Sunday, April 9, 2017

Saladosity, Part 8: Some Condiments, You Just Want to Buy

[This is the eighth post in a long series.  You may wish to start at the beginning.  Like all my series, it is not necessarily contiguous—that is, I don’t guarantee that the next post in the series will be next week.  Just that I will eventually finish it, someday.  Unless I get hit by a bus.]

In our quest to make the perfect salads, there’s still more shopping to do.  When it comes to condiments, we’re going to make a lot of them ourselves: mayonnaise, pickle relish, and most of the actual salad dressings.  But that doesn’t mean we’re going to make everything from scratch.  Remember: our #1 goal is to make making salads easy.  So if I tell you that you have to start growing your own mustard seed or whatever, that’s not easy.  So we’re going to make things ourselves where it’s simple to do so, and/or where it’s easier than trying to find quality condiments in your local store.  Where that’s not feasible, though, we will not hesitate one whit to just buy the stuff.  We’re eating good, and we’re eating simple.  Buying a few premade items is not going to endanger that.

Salad Dressings

Yes, there are actually a (very) few salad dressings that I like to buy intead of make.  Specifically, two: a feta cheese dressing, and a Tuscan dressing.
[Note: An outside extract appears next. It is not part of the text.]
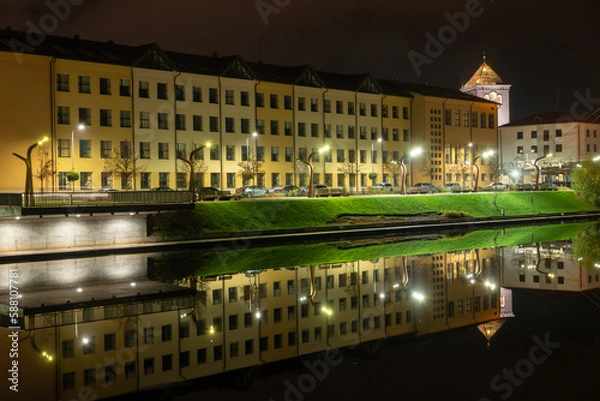 Fototapeta Large building near the river in the night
Now, both of these come from my local Trader Joe’s,* and they are (not at all coincidentally) the only two dressings that I’ve found there that have neither 1) soybean oil, nor 2) any added sweeteners.  If you’re avoiding dairy due to strict paleo/Whole30-ness, then the feta cheese dressing is out.  The Tuscan, however, should be good for all the nutritional tribes.

Now, remember I said  last time that, if you buy bleu cheese crumbles, you don’t actually need bleu cheese dressing?  This was a little bit of a white lie: you don’t need a dressing which is bleu cheese specifically, but what you do still need is a dressing which is creamy, and not strongly flavored so it won’t compete with the natural piquancy of the bleu cheese.  TJ’s feta dressing is exactly that.  You could try other varieties—I think a ranch would be too much, plus you’re never going to find ranch dressing without added sugars, but there could well be other options at your disposal.  Mainly you just want no crappy soybean oil, and hopefully no sugar (in any of its myriad forms).  TJ’s feta dressing has olive oil and canola oil (not the best, but better than soybean, corn, or peanut), and no sweeteners at all.  It doesn’t taste strongly of feta either, despite the name, and it’s a perfect complement for a bleu cheese salad.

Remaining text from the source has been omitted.